EXERCISE REQUIREMENTS:
Repeat each entry word for word. Leave any images out of the copy.

Records contained in a dataset:
☆ ☆ ☆ ☆ ☆ ☆ ☆

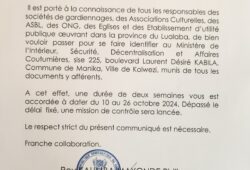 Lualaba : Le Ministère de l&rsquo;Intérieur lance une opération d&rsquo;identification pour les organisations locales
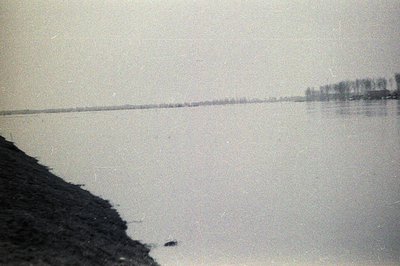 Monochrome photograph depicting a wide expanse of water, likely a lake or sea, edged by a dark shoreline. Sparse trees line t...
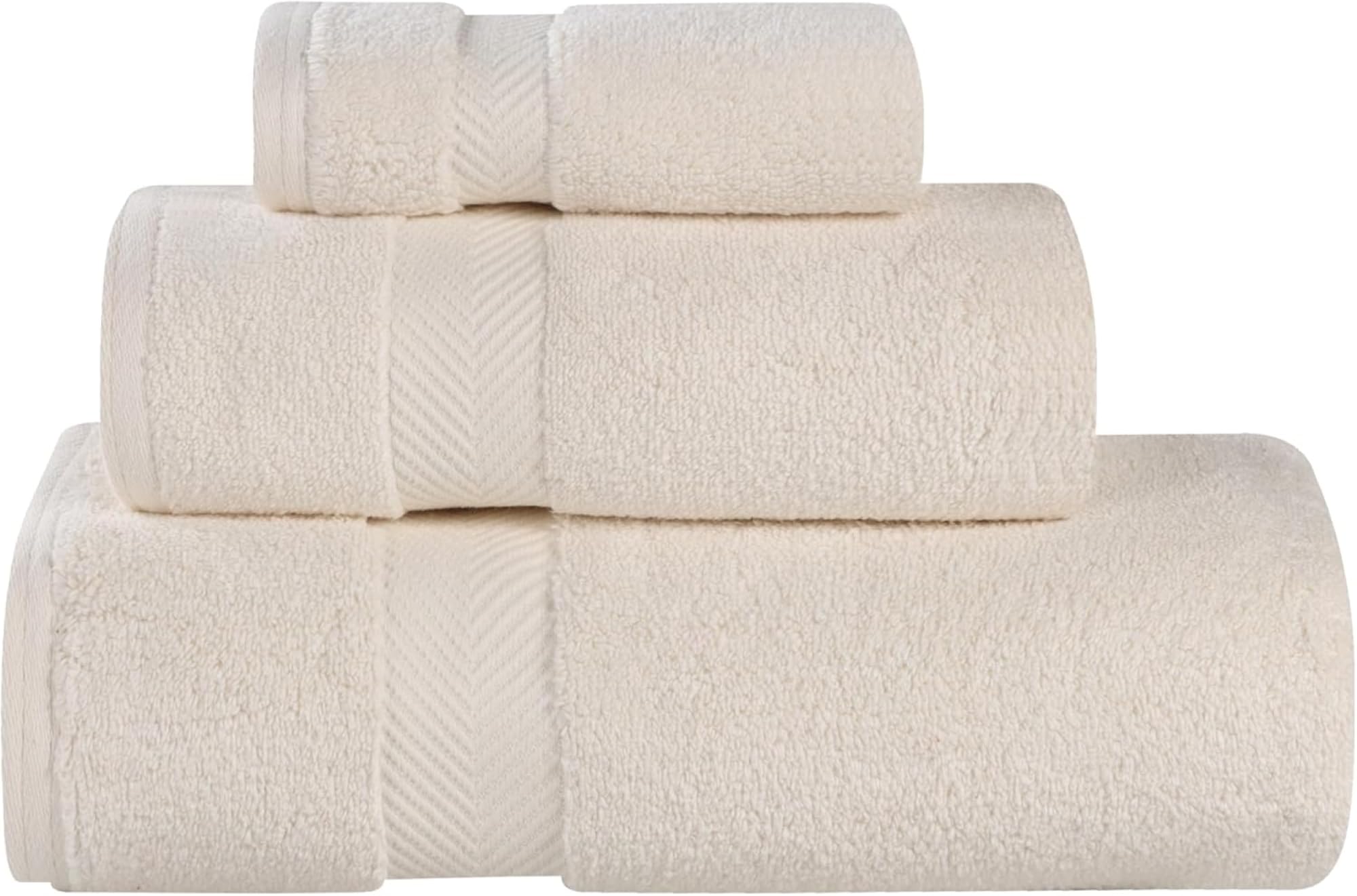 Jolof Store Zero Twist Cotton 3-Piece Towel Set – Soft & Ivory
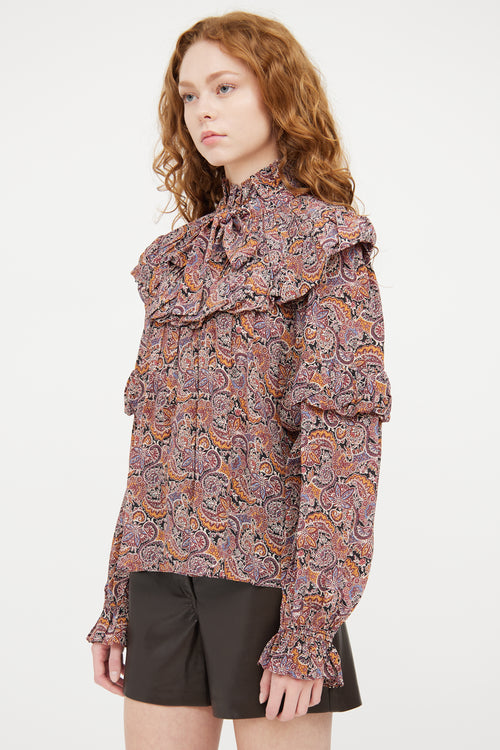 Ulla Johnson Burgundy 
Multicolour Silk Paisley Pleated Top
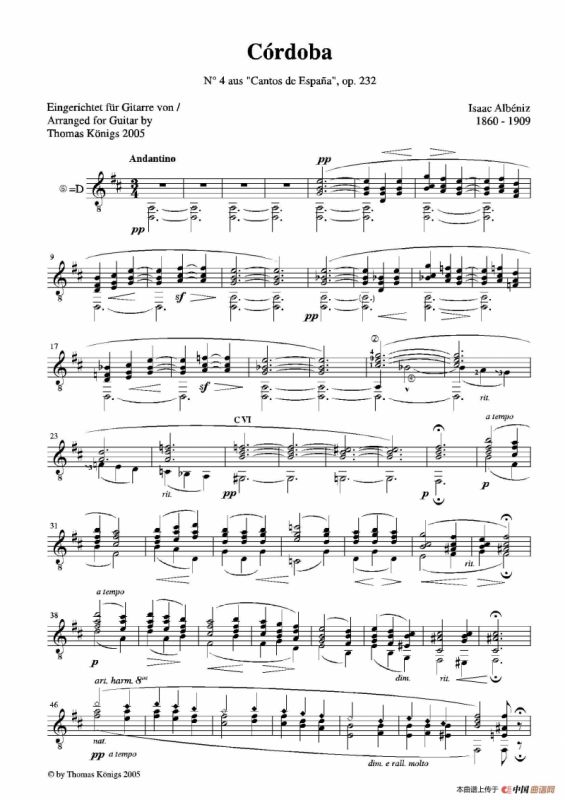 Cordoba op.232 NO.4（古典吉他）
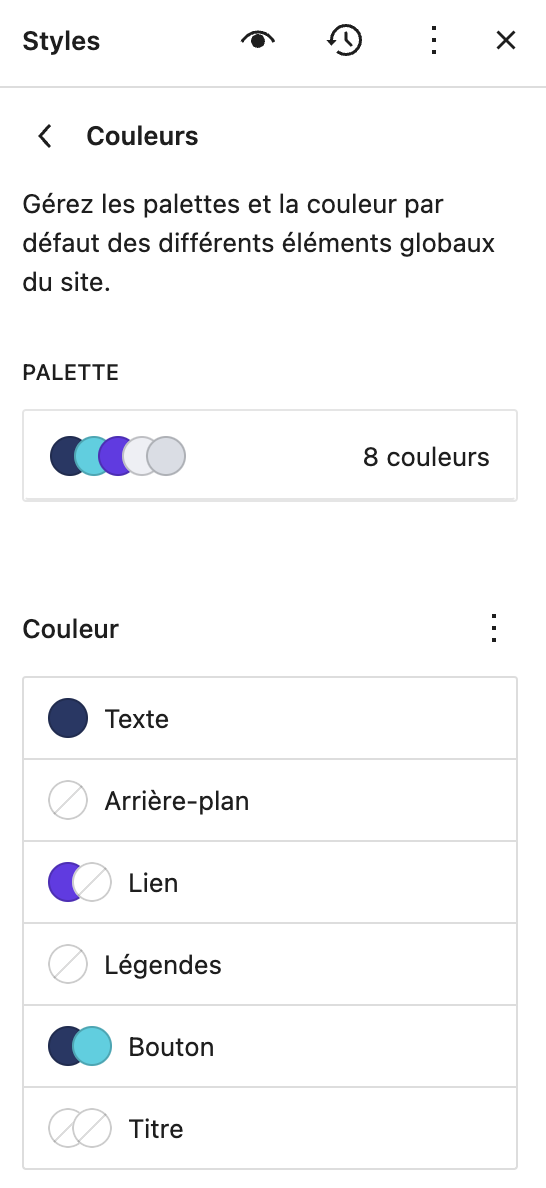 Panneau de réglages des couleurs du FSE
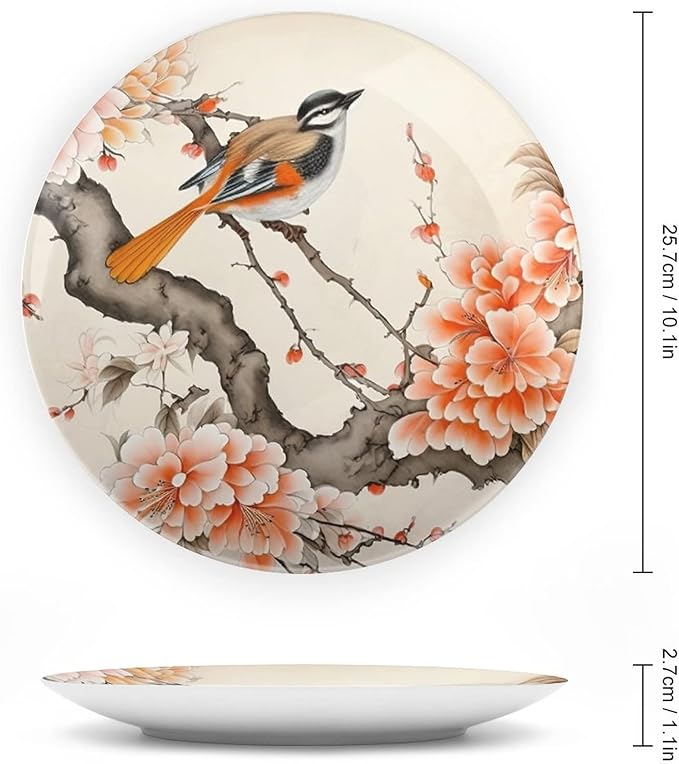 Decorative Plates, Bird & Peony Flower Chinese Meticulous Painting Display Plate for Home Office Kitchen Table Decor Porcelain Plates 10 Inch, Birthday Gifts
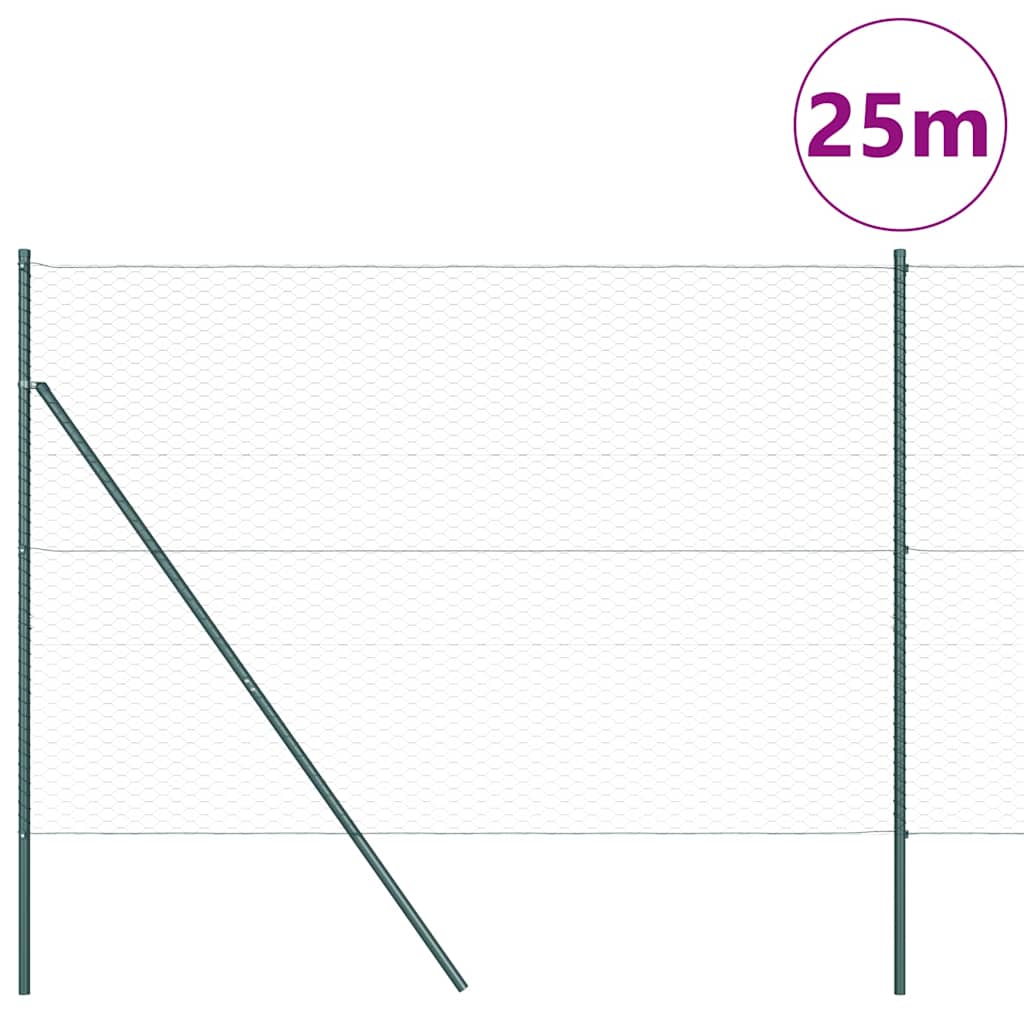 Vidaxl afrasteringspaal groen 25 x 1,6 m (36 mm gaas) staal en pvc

☆ ☆ ☆ ☆ ☆ ☆ ☆

EXERCISE RESULT:
 Lualaba : Le Ministère de l&rsquo;Intérieur lance une opération d&rsquo;identification pour les organisations locales
 Monochrome photograph depicting a wide expanse of water, likely a lake or sea, edged by a dark shoreline. Sparse trees line t...
 Jolof Store Zero Twist Cotton 3-Piece Towel Set – Soft & Ivory
 Ulla Johnson Burgundy 
Multicolour Silk Paisley Pleated Top
 Cordoba op.232 NO.4（古典吉他）
 Panneau de réglages des couleurs du FSE
 Decorative Plates, Bird & Peony Flower Chinese Meticulous Painting Display Plate for Home Office Kitchen Table Decor Porcelain Plates 10 Inch, Birthday Gifts
 Vidaxl afrasteringspaal groen 25 x 1,6 m (36 mm gaas) staal en pvc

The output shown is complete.